1 processor vs. 2

Danny Pansters danny at ricin.com
Wed Mar 3 15:50:57 PST 2004


(enough CCing, back to list only)

On Wednesday 03 March 2004 22:36, Matthew Seaman wrote:
> On Wed, Mar 03, 2004 at 10:26:43PM +0100, Stefan Cars wrote:
> > Okey, but if you would compare RAID-1 on two disks compared to RAID-5 on
> > three disks then ? What would be the faster ?
>
> RAID1 is going to be faster, both reading and writing, but it will
> take a lot more raw disk space to provide the required usable space.

No, it would require 2 identical disks, whereas RAID5 with 3 disks would 
require 3 of those disks ;-) 

Physical disks are your unit of failure or of resilliance if you like. That's 
why you need 5+ drives for RAID5 to be any real fun. You want your data to be 
present at least twice on different physical drives. You want the same for 
your parity info. The mere fact that you stripe everything out with RAID5 
doesn't change your physical unit which is one disk. Resilliance means: what 
happens if a random drive fails. RAID5 on 3 disks defeats the purpose of 
RAID5 IMHO. Theoretically the more drives, the better RAID5 gets, so that 
might say something about Veritas if they warned against using more than 7 
drives. Perhaps grog can be the final referee here, not my turf ;-)

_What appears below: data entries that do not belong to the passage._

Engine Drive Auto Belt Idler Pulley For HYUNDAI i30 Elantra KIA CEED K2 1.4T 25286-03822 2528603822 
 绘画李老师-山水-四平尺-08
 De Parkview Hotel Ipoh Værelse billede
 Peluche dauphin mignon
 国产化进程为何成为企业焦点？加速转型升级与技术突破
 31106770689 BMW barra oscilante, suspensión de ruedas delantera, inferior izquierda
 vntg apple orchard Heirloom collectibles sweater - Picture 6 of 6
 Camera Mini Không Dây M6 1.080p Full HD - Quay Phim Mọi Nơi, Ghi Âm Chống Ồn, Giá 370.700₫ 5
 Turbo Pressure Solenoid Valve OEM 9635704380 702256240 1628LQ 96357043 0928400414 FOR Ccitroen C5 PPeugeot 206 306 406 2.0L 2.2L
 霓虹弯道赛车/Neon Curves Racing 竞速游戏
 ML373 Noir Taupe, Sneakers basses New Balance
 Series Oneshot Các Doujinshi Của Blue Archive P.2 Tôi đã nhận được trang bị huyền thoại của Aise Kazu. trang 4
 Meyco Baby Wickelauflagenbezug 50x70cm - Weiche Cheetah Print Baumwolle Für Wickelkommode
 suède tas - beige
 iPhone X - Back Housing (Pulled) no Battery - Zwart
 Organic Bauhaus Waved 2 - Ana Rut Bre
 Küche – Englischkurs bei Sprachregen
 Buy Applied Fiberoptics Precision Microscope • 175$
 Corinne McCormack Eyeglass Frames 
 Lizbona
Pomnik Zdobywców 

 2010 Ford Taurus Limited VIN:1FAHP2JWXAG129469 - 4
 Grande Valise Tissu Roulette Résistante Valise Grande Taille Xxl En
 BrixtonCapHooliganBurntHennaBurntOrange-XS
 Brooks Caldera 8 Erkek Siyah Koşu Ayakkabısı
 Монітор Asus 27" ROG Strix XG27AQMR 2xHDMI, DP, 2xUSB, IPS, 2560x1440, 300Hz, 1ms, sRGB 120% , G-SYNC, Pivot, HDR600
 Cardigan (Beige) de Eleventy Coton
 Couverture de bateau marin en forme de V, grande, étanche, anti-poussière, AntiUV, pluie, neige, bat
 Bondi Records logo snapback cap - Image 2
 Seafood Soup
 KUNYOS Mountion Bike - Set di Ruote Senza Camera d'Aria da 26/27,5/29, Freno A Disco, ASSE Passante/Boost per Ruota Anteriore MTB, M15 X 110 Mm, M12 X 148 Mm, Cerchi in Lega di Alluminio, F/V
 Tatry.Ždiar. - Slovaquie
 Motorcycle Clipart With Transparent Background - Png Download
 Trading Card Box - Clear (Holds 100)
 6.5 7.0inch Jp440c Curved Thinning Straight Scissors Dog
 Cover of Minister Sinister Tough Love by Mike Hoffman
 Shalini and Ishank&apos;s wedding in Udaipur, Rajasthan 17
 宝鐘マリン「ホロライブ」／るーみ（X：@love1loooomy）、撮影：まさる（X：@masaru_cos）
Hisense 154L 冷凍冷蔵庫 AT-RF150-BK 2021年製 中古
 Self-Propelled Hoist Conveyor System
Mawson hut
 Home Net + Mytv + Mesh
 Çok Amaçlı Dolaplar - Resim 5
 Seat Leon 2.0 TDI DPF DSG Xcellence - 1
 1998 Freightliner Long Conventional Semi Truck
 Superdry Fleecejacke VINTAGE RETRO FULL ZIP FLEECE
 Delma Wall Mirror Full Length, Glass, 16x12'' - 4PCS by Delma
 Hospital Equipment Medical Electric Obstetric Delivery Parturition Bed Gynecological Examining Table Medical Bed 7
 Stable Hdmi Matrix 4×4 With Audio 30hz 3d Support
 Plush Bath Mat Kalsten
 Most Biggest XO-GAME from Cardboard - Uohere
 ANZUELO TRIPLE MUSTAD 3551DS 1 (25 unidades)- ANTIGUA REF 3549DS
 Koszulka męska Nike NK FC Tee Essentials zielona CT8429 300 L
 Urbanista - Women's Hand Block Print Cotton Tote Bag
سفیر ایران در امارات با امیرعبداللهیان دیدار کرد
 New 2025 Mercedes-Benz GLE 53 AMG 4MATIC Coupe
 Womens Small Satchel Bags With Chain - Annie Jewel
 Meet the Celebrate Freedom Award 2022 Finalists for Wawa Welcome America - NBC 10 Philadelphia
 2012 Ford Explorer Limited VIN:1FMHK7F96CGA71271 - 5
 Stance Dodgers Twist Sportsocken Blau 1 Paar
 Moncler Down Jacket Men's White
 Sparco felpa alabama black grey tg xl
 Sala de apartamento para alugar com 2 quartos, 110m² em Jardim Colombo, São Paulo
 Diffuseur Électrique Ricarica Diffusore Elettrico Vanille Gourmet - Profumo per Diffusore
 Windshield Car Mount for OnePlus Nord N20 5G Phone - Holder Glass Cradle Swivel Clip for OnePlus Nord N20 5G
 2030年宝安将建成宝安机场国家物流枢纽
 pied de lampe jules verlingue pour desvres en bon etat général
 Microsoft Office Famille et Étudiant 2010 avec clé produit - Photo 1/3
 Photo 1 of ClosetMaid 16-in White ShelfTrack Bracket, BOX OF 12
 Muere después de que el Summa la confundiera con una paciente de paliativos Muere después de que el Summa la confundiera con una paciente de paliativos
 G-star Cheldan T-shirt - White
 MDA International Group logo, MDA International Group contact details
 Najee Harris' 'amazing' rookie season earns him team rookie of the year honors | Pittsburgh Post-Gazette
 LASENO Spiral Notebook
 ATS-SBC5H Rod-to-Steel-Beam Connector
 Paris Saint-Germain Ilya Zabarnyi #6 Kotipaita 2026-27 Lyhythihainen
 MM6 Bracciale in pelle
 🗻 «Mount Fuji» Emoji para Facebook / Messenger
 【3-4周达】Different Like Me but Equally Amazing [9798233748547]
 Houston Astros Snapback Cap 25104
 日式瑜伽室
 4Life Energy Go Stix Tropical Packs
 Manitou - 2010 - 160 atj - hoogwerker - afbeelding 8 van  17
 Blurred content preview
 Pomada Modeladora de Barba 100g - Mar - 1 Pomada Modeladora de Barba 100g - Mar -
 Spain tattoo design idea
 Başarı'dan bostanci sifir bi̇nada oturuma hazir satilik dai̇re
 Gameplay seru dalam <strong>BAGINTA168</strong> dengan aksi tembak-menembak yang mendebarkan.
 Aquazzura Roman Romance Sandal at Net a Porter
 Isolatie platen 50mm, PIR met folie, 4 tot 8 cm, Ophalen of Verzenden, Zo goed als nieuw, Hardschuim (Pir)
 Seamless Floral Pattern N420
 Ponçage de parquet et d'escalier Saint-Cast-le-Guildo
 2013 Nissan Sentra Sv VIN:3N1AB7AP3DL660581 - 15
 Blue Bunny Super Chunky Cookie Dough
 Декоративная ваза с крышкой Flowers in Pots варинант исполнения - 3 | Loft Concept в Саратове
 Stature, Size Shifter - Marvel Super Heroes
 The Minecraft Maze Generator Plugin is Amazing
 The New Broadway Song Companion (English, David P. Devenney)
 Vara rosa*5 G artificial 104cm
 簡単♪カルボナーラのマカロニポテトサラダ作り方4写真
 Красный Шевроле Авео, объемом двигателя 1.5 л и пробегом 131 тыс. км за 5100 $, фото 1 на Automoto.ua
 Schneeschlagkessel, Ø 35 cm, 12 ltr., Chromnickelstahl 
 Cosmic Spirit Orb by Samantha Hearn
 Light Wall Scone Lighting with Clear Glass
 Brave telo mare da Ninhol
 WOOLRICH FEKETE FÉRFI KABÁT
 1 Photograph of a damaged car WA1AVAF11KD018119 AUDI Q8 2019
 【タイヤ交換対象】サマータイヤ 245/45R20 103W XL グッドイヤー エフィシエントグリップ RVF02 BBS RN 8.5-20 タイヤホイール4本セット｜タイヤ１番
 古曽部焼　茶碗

Having said that I don't have a RAID5, but I would recommend OP to use RAID1 
and use the 3rd drive as a (semi) hot spare for extra sleep security and less 
spending. It's much more interesting if you can (un)plug a spare on the fly 
BTW.

I just kinda fell back into the developed thread, hope you don't mind me 
adding a general remark: One doesn't do RAID to increase performance. Period. 
If budget is no problem, buy spare boxen and use them "secondary", always 
nominated to become "primary" at any time. That's better insurance against 
(any) hardware failure than mere RAID can ever be IMHO.